2.2 Estimation of pitch by Cepstrum method:
A cepstrum is the result of taking the Inverse Fourier transform(IFT) of the logarithm of the estimated spectrum of a signal. The name "cepstrum" was derived by reversing the first four letters of "spectrum". By using cepstrum method we can separate the vocal tract and excitation source related information in the speech signal. The main limitation we find during the estimation of pitch by autocorrelation method is there may be peaks larger than the peak which corresponds to the pitch period. As a result there is a chance of wrong estimation of pitch. The approach to minimize such errors is to separate the vocal tract and excitation source related information in the speech signal and there use the source information for pitch estimation. The cepstral analysis of speech provides such an approach. The ceptrum of speech is defined as the inverse Fourier transform of the log magnitude spectrum. In cepstrum method all the slowly varying components in log magnitude spectrum refers to the low frequency region and fast varying components to the high frequency regions. In the log magnitude spectrum, the slowly varying components represent the envelope corresponds to the vocal tract and the fast varying components to the excitation source. As a result the vocal tract and excitation source components get represented naturally in the spectrum of speech.
The graph will depict a 30 msec segment of voiced speech, its log magnitude spectrum and ceptrum. The initial few values in the cepstrum typically 13-15 cepstral values represent the vocal tract information. The large peak present after these initial values represent the excitation information.

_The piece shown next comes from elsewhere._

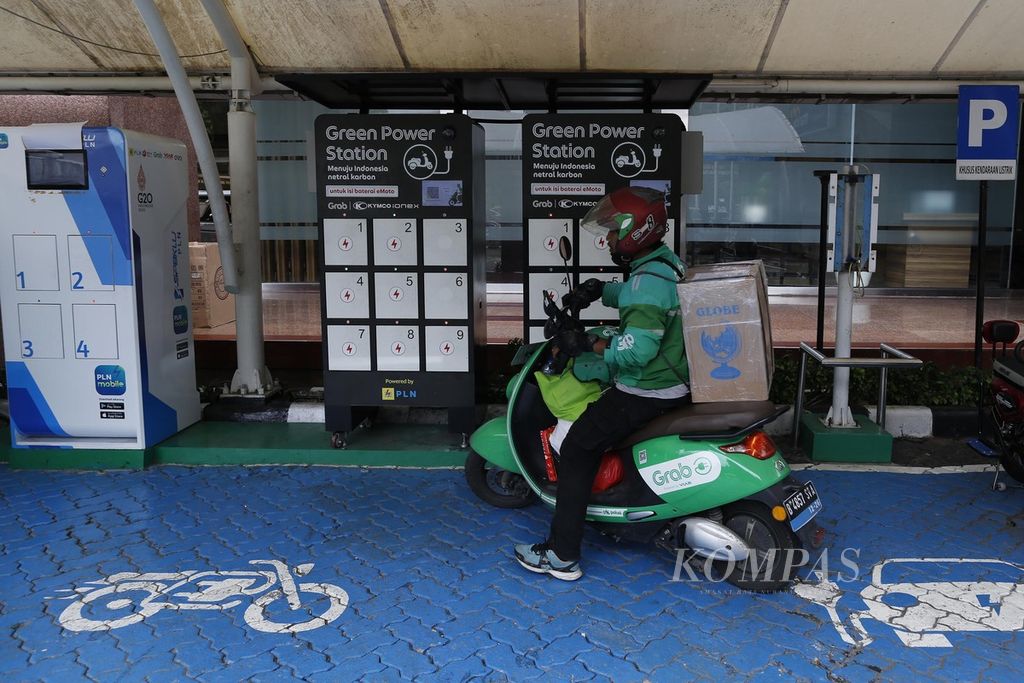 Pengojek daring menukar baterai motor listriknya di stasiun pengisian kendaraan listrik umum (SPKLU) di Kantor PT Perusahaan Listrik Negara (Persero), Gambir, Jakarta, Selasa (18/10/2022). Tahun ini PLN menargetkan membangun 110 unit SPKLU untuk melengkapi 250 unit SPKLU yang telah terbangun tahun lalu. Infrastruktur itu diperlukan untuk mendukung percepatan pengembangan kendaraan bermotor listrik berbasis baterai.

The pitch period T0 starting from the zeroth value in number of samples. As a result the peaks that may be occuring in case of autocorrelation analysis get naturally eliminated in cepstrum pitch determination. By comparing voiced speech graph and unvoiced speech graph we can observe that there is no prominent peak in case of ceptrum of unvoiced speech after the 13-15 initial cepstral values. This is the main distinction between cepstrum of voiced and unvoiced speech. For the estimation of pitch, the target peak in the cepstral sequence after initial 2 msec 16 cepstral values, gives the estimation of pitch period in case of voiced speech. This illustrates the procedure for computing the pitch period by the high time liftering of the cepstrum of the voiced speech.